The world has gone insane

and you don’t know what is right,

you got to keep on keepin’ on:

get on that pig, and hold on tight.

This of course is excellent advice for that baby monkey riding backwards (below).

It’s also sound advice for the rest of us.  The world does have a tendency to go “insane,” as Mr.

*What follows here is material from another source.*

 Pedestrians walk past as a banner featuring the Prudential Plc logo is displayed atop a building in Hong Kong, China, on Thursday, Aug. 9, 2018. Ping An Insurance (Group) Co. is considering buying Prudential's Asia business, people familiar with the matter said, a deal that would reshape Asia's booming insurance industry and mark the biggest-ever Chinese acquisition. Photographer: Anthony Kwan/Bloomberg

Gripp suggests.  But we must not lose our grip (ha!).  We must “get on that pig, and hold on tight.”

Gripp‘s tunes offer insight into many other predicaments.  If you visit his website, you will also find hummable wisdom on the benefits of oatmeal (in your face, cholesterol!), the dangers of excessive self-Googling, and of course the versatility of our good friend the hamster.

In case you’re curious how a baby monkey came to be riding backwards on a boar, this wasn’t staged.  Both animals were orphaned, and live in the same zoo (in Japan, I think).  The zoo staff introduced them to one another, and they bonded.  Here’s the video clip that inspired Gripp’s song and video:

As aficionados of Gripp know, the “Baby Monkey” song made its debut in September 2010 (not incidentally, also the beginning of a semester).  And he posts a new song on his site every week.  So, check there or follow him on Twitter.

But, come what may, don’t let go of that pig!